Dear B’nai Shalom members, families, and friends:
As you will be reading this shul bulletin, undoubtedly you will be entrenched in the myriad of chores and tasks we undertake to prepare fully and thoroughly for the upcoming Passover holiday.
As you well may know, there are no holidays as replete with symbols, traditions, rituals, and ceremonies as Passover, many of them taking place the first two nights at the Passover Seder.
It should not be a surprise to anyone that so many of our symbols are meant to activate and stimulate that part of our brain that controls the images we envision, the feelings that infiltrate our minds, and the emotions that run warmly and fondly throughout our nostalgic memories. Many families will hold dear the particular food smells, the sentimental sounds of identifiably Pesach melodies, the very specific nusach (traditional tune) of the Pesach Kiddush, and the joyful, family-friendly singing of the Dayenu, Chad Gadya, and Mah Nishtana. The Four Questions, the “Mah Nishtana,” in particular, has been known to bring joy, pride, contentment, and pleasure to countless Jewish families for generations and generations.
Pesach is known by four Hebrew names, each of which has a major role in the active celebration of the holiday. They are: Chag HaMatzot (the Holiday of Matzah); Chag Ha Pesach (the holiday of “Passing over),” Chag HaAviv (the Holiday of Springtime); and Zman Cheruteinu the time of our freedom).
The name Chag HaMatzot is well known and recalls the manner in which our ancestors, the B’nai Yisrael, the Children of Israel, needed to leave the bondage of the Land of Egypt in haste, without allowing the bread they were preparing for the journey to fully rise. This name is one of two for the holiday which is included in the Passover Kiddush and is easy to understand for its inclusion as one of the four names of this holiday.
Chag HaPesach, the holiday of “Passing Over” is the name which has gained the most popularity as the identification by which we typically refer to this holiday. The “passing over” refers to the exclusion of the Jewish homes during the Tenth Plague of Slaying of The First Born, during which, HaKadosh Baruch Hu, The Holy One, Blessed be he, “passed over our homes,” in slaying the firstborn sons of every Egyptian household, and sparing OUR firstborn sons.
The name Chag HaAviv, the Holiday of Springtime, has two meanings attached to it. The first is the simple understanding that Hashem took us out of Egypt in the Springtime – the perfect time for a nation of millions of men, women, and children, traveling by foot, wagon, cart, oxen, donkeys, and camels, to move slowly from the Egyptian desert towards Eretz Yisrael, in the most conducive and pleasant weather in which to make the arduous trek.

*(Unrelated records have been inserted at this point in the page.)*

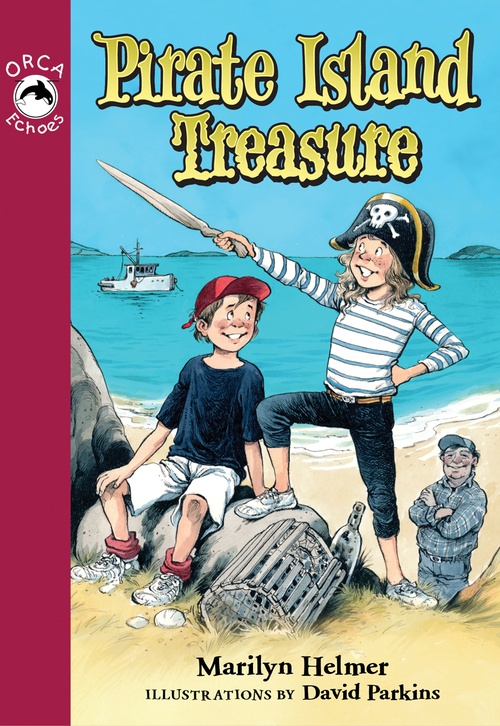 ebook cover of Pirate Island Treasure, by Marilyn Helmer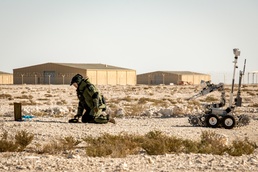 379th ESFS and EOD team up for counter UAS training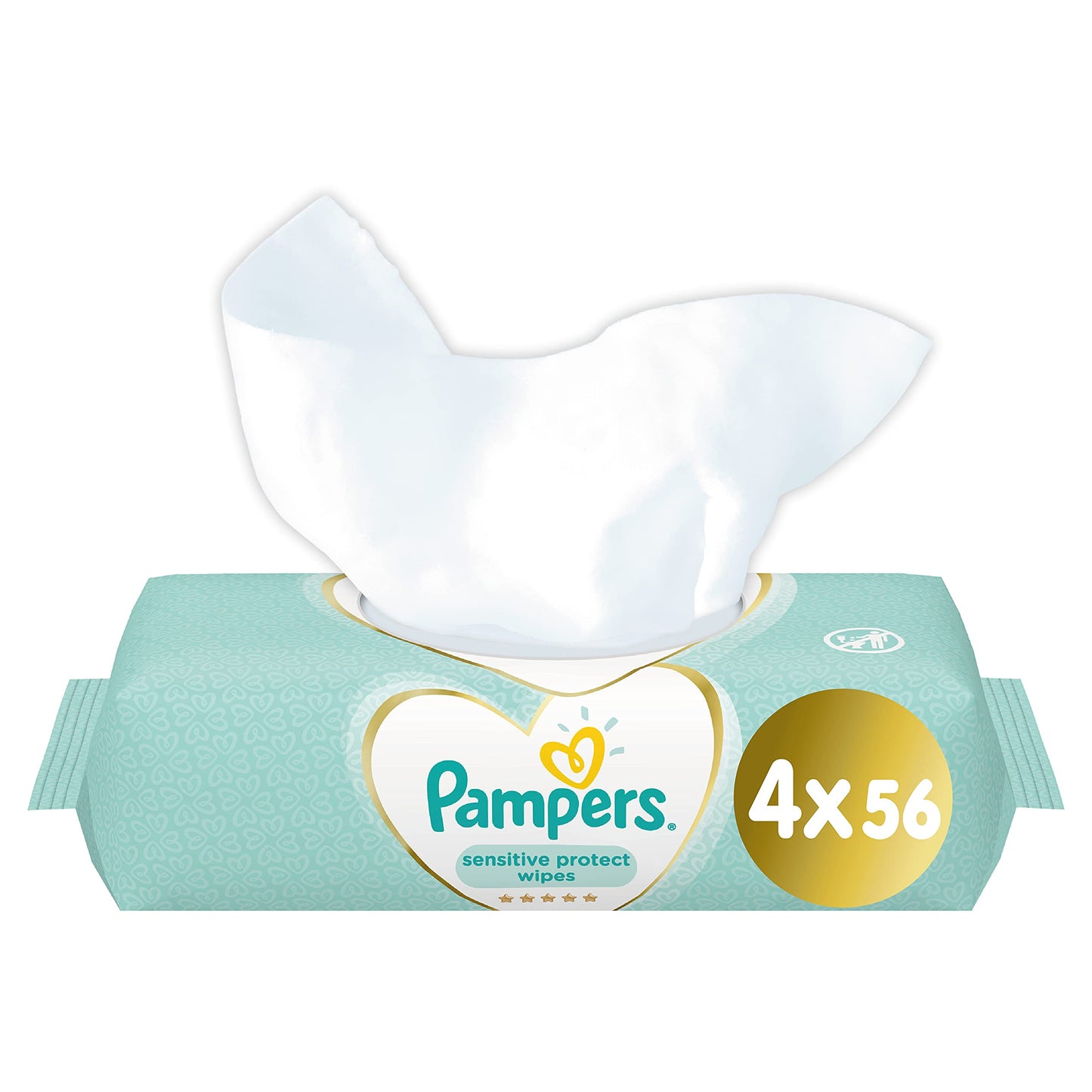 Pampers Sensitive Baby Wipes, 2+2, 224 Count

The heat of the summer would have been unbearable and the rains of the autumn and winter would have created an obstacle precariously dangerous to the wellbeing of B’nai Yisrael in their travels. This underscores the kindness and compassion as well as the love and devotion HaKadosh Baruch had, and continues to have for us, His Chosen People.

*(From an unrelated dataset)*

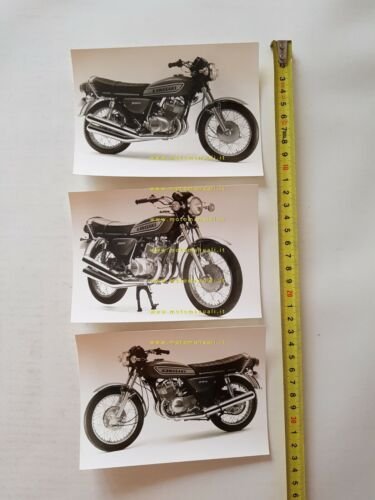 Kawasaki 250 S1 1975 lotto 3 foto cartella stampa originali …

The Holiday of Springtime also connotes the time of year in which all living things are brought back to life after hibernation and a more covert existence during the winter months. Plants and all vegetation bloom and grow as all living creatures are born and assigned their appropriate place in the animal kingdom. We too, the B’nai Yisrael, the Children of Israel, were born and brought into this world, as we emerged from Egypt as a new and vibrant civilization of people. We went down to Egypt as a family, as a clan, few in number, and grew and multiplied while sojourning in Egypt and then becoming slaves to the Pharaoh of the land. However, we came forth with G-d’s Mighty Hand and Outstretched Arm, to become a new and magnificent new nation, G-d’s people, G-d’s nation.
The fourth of the four names for the holiday: Zman Cheruteinu, literally means “The Time of Our Freedom,” and is the second name of the holiday included in the Pesach Kiddush. We could not function as a newly-born, newly-freed people, working hard to fulfill the will of our G-d, if not for the freedom in which to make those efforts to achieve compliance with all expected from us from Almighty G-d.
During our own Passover Seder services and ceremonies, may we create sounds, aromas, tunes, sights, and memorable images for our children, grandchildren, families, friends, and may Pesach continue to be the hugely-celebrated festival that it has continued to be for thousands of years.